In a trip I made back in August, I met a shy Asian girl named Trang. She seemed interested in having me take her out to see some of Minnesota. I tried calling her, and she tried calling me. We played telephone tag back and forth for a while.

I don't remember what possessed me, but for some reason, I started thinking that maybe she was just trying to mess with me, so I didn't answer one of her incoming calls and moved on.

In a recent comment, Uber member, Preston brought up Trang in a comment. This started making me really think about her again, and I thought...what the heck, so I gave her another call.

An Asian woman answered and quickly handed off the phone to Trang.

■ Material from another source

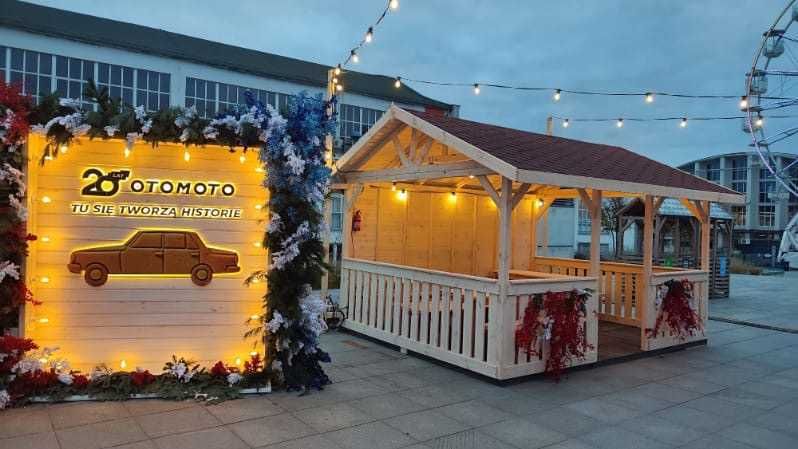 Altana drewniana 4x3 z zabudowanym bokiem Altanka ogrodowa Taras Wiata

I was pretty nervous calling, and I was sure she wouldn't even remember me. She seemed pretty happy for me to call. Yes, I remember (actually relembel) you. Then she told me she was sad because I did not call her again. I told her that I'd still like to take her to see more of Minnesota some time.

She started talking in (Vietnamese?) to her aunt who was with her to get permission. Finally, she returned and said, "one week Saturday, Bich and I go to Casino. You come at Casino at night, then we drive Uber and we go see lake?"

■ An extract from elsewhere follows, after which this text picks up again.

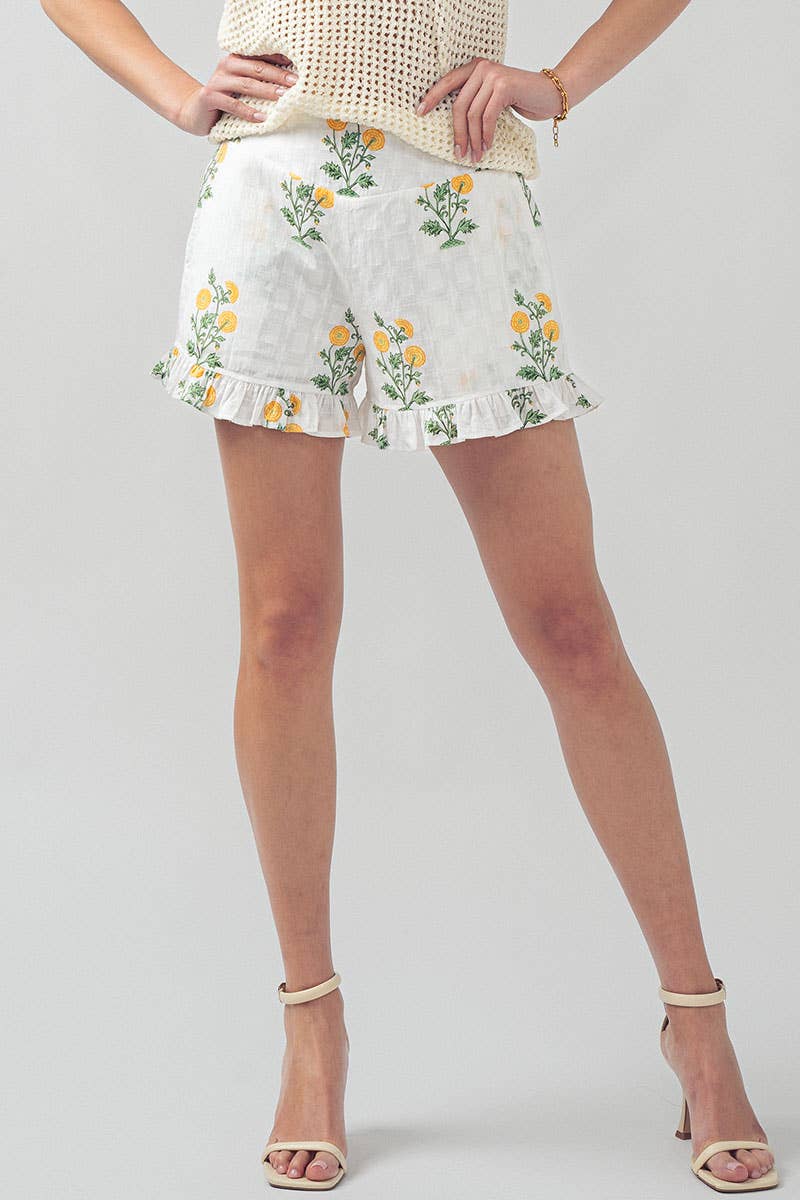 Yellow Floral Print Ruffle Shorts with Smocked Waist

I agreed that I would be more than glad to get her! It seems weird that she thinks she should pay Uber for my picking her up, but if it's on her aunt's account, why not?

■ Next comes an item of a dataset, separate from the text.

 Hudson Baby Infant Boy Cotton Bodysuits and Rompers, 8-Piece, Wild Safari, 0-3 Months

I tried to ask several more questions, but most of them as well as the answers were lost in translation. Before hanging up, she thanked me for a book I gave to her before, and said "I really really want to go see lake with you."

So, I tentatively have plans on Saturday (of next week.) I'll let you know what happens.


----------



## Tr4vis Ka1anick (Oct 2, 2016)

*First!*

Purple Saduber. Try this move man.
Get a motorcycle and take Trang on it. Vietnam is loaded with motorcycles and mopeds. She will be more comfortable.


----------



## tohunt4me (Nov 23, 2015)

SadUber said:


> In a trip I made back in August, I met a shy Asian girl named Trang. She seemed interested in having me take her out to see some of Minnesota. I tried calling her, and she tried calling me. We played telephone tag back and forth for a while.
> 
> I don't remember what possessed me, but for some reason, I started thinking that maybe she was just trying to mess with me, so I didn't answer one of her incoming calls and moved on.
> 
> ...


If you SPEND enough at Casino
You See Lake !


----------



## steveK2016 (Jul 31, 2016)

So you're gonna show her the lake at night, afyer the casino?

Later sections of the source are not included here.